PROBLEM
How many lines in this data contain the string "Replacement"? Reply with the number only.

MATERIAL PROVIDED
BEGIN

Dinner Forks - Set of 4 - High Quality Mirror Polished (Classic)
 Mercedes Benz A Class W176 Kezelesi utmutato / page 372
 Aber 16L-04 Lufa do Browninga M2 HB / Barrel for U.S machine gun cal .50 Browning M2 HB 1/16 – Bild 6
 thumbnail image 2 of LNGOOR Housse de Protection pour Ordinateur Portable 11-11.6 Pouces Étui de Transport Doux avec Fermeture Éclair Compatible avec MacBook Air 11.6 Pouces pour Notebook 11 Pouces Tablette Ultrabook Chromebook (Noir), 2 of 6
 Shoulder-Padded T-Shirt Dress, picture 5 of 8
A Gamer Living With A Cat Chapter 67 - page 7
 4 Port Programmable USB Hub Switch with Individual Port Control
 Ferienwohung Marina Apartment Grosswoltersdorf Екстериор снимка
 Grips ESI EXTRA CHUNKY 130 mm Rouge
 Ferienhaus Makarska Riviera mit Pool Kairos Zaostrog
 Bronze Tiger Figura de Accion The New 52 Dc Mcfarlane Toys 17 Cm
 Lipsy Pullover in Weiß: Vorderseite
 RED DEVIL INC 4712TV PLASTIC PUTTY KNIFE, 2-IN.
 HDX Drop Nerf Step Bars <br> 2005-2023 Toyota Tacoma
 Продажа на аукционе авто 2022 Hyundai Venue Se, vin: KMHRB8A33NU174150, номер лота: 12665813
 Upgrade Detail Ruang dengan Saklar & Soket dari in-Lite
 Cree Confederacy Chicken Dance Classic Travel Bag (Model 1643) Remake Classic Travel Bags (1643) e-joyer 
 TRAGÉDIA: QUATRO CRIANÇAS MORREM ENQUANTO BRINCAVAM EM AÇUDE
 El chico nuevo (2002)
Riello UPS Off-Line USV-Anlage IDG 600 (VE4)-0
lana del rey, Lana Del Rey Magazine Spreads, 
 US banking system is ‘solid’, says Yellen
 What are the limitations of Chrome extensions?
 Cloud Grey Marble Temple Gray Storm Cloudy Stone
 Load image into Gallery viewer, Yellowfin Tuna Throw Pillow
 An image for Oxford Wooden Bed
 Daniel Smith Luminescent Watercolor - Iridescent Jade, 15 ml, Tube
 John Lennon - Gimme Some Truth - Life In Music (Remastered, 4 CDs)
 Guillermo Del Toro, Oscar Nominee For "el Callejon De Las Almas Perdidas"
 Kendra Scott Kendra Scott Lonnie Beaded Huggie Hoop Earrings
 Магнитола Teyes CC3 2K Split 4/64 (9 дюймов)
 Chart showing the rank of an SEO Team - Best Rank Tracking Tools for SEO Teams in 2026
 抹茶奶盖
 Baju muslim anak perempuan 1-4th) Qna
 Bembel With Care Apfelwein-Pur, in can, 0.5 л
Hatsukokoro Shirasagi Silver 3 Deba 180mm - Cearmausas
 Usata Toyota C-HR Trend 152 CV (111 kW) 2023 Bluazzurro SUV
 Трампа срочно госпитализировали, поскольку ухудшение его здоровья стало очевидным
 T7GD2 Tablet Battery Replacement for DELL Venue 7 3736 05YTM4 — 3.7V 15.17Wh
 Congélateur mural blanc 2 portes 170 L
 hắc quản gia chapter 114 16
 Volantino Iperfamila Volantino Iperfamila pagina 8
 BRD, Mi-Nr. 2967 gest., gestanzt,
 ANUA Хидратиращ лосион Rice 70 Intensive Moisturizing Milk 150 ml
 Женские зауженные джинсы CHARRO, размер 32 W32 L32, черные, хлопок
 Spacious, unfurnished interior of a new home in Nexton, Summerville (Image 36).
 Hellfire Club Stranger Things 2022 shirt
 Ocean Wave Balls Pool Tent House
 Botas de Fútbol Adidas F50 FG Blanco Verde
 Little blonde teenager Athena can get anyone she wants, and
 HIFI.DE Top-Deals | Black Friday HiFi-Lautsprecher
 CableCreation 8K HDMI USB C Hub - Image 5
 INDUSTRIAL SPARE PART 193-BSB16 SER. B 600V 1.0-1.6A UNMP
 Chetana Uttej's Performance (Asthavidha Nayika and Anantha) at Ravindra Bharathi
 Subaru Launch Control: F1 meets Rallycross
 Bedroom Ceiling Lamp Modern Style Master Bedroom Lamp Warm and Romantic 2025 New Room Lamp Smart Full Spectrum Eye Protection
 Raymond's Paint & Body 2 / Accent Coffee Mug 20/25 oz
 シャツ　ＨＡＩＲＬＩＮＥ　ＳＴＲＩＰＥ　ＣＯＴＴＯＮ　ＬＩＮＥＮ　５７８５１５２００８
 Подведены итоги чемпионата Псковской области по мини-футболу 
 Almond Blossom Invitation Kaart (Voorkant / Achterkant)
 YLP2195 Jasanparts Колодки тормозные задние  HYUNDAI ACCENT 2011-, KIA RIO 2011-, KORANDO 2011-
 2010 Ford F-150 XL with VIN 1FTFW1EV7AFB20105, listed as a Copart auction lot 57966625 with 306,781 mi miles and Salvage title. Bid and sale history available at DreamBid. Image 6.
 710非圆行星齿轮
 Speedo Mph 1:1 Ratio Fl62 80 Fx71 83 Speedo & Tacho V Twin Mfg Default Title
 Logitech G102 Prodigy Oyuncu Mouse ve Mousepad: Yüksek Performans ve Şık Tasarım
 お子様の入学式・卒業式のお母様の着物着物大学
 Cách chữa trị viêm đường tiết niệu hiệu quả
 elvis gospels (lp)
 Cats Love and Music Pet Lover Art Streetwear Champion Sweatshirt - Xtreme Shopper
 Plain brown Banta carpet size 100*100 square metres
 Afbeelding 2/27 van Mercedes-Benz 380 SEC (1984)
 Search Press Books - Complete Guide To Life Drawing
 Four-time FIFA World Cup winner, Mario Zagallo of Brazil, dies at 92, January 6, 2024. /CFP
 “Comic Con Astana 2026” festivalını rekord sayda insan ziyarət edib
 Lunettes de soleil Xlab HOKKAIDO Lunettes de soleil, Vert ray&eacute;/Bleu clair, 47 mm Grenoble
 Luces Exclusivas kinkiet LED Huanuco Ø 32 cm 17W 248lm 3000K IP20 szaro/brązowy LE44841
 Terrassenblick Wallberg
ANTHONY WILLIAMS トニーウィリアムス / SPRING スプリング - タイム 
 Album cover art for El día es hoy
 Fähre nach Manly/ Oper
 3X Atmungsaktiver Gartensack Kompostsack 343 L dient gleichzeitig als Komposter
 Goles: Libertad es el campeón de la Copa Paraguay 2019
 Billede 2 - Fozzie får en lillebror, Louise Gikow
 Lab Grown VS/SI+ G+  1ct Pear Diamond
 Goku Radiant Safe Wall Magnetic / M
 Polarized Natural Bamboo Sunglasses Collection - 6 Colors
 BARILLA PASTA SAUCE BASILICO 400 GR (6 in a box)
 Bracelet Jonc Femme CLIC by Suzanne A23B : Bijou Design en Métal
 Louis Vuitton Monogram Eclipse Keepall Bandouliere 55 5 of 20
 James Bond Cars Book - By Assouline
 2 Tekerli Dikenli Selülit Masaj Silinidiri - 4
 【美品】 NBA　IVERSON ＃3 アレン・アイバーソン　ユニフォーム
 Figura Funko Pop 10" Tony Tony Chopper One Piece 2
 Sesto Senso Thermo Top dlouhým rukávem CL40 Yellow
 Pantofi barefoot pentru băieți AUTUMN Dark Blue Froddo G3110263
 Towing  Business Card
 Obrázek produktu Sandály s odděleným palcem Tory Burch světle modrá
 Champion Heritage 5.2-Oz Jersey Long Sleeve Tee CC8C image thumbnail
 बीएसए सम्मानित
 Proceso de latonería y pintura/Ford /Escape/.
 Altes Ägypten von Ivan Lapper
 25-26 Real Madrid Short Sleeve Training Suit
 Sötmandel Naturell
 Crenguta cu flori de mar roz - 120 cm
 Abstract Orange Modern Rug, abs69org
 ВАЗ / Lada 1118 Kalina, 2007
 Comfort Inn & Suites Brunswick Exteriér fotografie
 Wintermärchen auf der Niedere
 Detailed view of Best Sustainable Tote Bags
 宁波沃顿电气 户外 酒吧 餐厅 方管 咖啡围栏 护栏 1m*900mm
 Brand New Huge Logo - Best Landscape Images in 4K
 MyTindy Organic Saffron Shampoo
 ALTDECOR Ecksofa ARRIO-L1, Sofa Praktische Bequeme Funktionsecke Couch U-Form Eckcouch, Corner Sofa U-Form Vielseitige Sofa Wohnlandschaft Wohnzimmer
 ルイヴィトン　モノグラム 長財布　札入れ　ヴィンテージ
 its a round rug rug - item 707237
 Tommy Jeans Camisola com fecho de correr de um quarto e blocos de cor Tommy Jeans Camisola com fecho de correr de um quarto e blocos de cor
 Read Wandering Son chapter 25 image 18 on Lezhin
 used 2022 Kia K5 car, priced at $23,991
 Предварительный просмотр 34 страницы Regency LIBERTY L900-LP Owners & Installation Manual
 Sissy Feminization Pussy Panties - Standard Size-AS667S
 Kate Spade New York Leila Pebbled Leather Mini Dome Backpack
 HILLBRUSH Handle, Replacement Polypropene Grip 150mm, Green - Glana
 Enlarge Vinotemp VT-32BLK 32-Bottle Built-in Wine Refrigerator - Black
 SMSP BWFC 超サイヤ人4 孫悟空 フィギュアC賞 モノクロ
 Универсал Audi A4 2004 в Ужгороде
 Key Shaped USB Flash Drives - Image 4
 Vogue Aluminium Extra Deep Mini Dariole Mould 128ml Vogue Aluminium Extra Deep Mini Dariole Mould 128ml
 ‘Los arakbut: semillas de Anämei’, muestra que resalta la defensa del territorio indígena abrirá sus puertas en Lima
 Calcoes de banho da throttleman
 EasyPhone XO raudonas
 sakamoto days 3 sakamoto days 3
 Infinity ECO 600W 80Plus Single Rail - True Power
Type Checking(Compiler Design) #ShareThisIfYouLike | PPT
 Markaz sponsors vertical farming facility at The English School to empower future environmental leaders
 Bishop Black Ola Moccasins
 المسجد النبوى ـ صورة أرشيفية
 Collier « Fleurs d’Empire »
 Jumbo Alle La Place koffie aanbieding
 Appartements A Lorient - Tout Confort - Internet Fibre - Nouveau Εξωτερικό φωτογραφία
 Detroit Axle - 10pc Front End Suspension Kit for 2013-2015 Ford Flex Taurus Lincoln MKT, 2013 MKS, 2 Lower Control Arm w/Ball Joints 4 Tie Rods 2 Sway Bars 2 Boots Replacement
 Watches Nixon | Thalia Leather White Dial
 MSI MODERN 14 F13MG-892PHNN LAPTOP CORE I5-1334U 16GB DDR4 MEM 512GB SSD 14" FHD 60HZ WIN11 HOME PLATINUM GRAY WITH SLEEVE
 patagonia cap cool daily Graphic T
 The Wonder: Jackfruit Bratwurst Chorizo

END

OUTPUT FOR THIS EXERCISE
3